▸ Extracted data
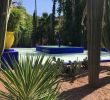 Jardin Majorelle Marrakech Frais Jardin Majorelle Marrakech 2020 All You Need to Know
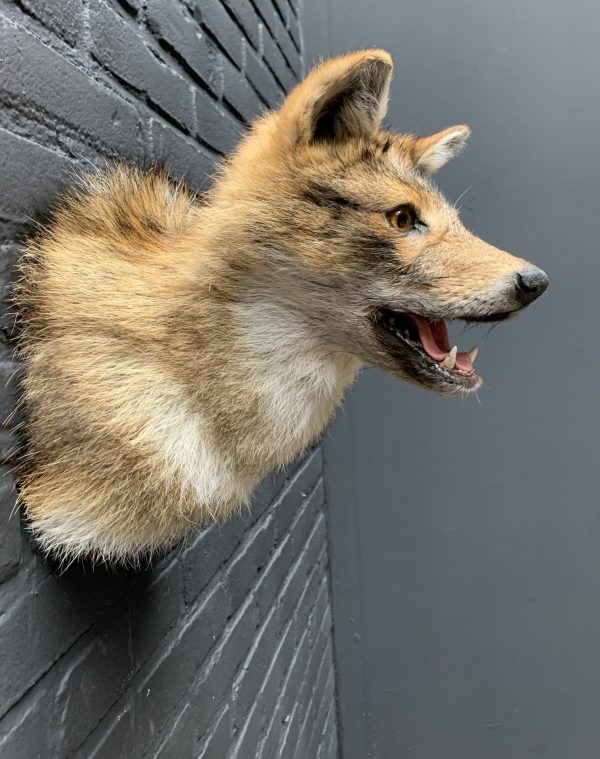 Mounted head of a golden jackal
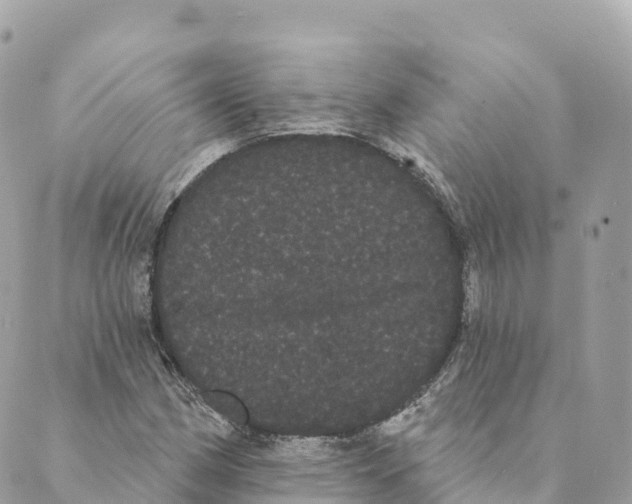 X0000088591162200706221334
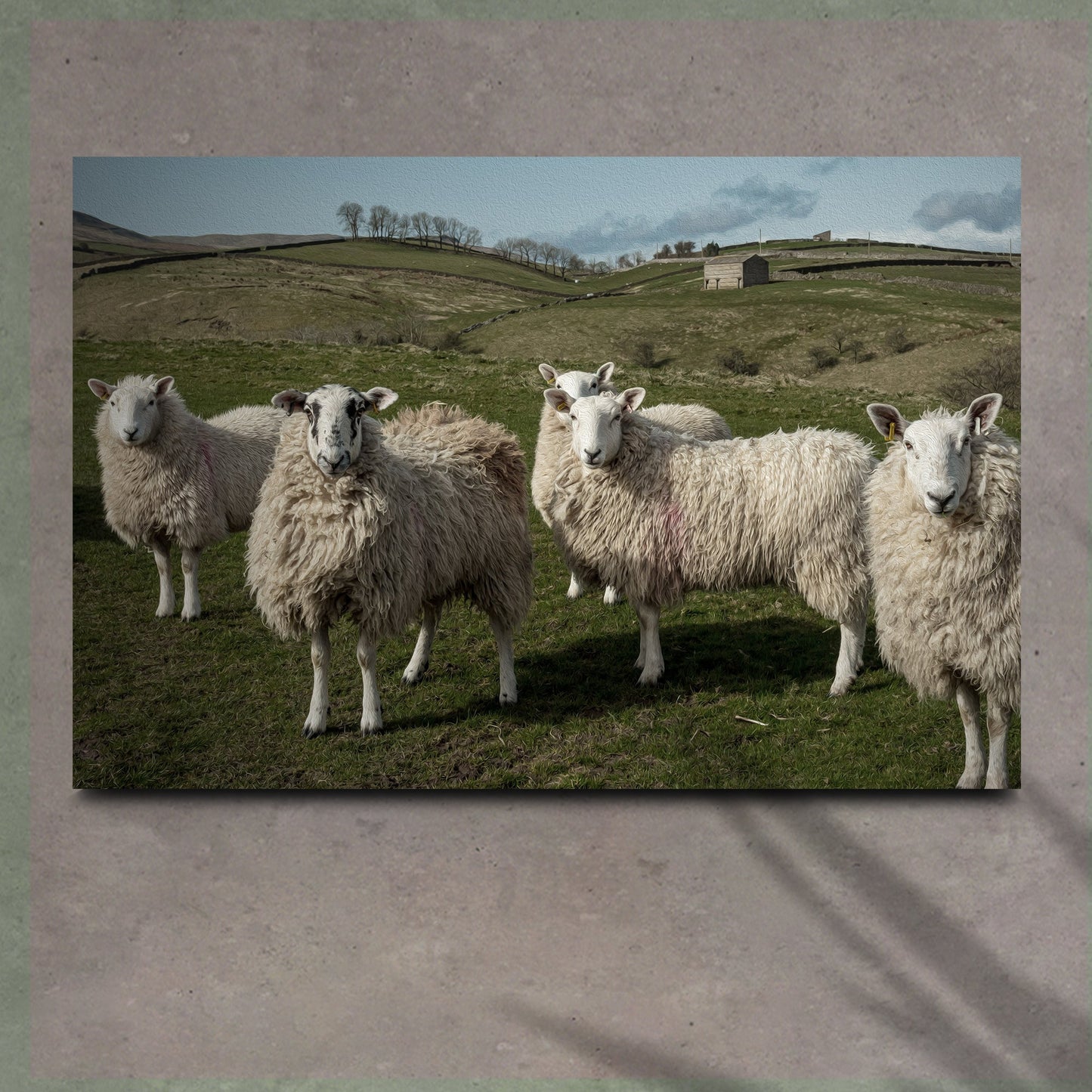 Flock Of Sheep Canvas Wall Art
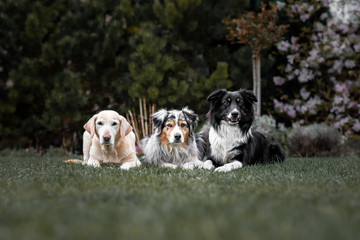 Australian shepherds and labrador retriever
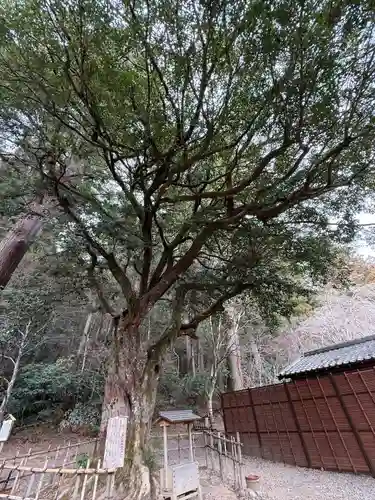 小國神社(静岡県)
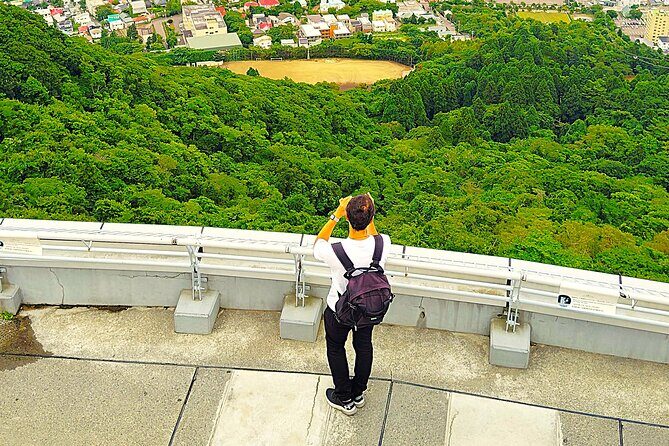 Hakodate: Historic Port Walk & Mt. Hakodate Panoramic Views - A Closer Look at the Tour Itinerary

▸ Problem details
Print the lines from the one that contains "Mounted head of a golden jackal" through the final line of the material above, exactly and only those, with pictures left out.

▸ Finished task
 Mounted head of a golden jackal
 X0000088591162200706221334
 Flock Of Sheep Canvas Wall Art
 Australian shepherds and labrador retriever
 小國神社(静岡県)
 Hakodate: Historic Port Walk & Mt. Hakodate Panoramic Views - A Closer Look at the Tour Itinerary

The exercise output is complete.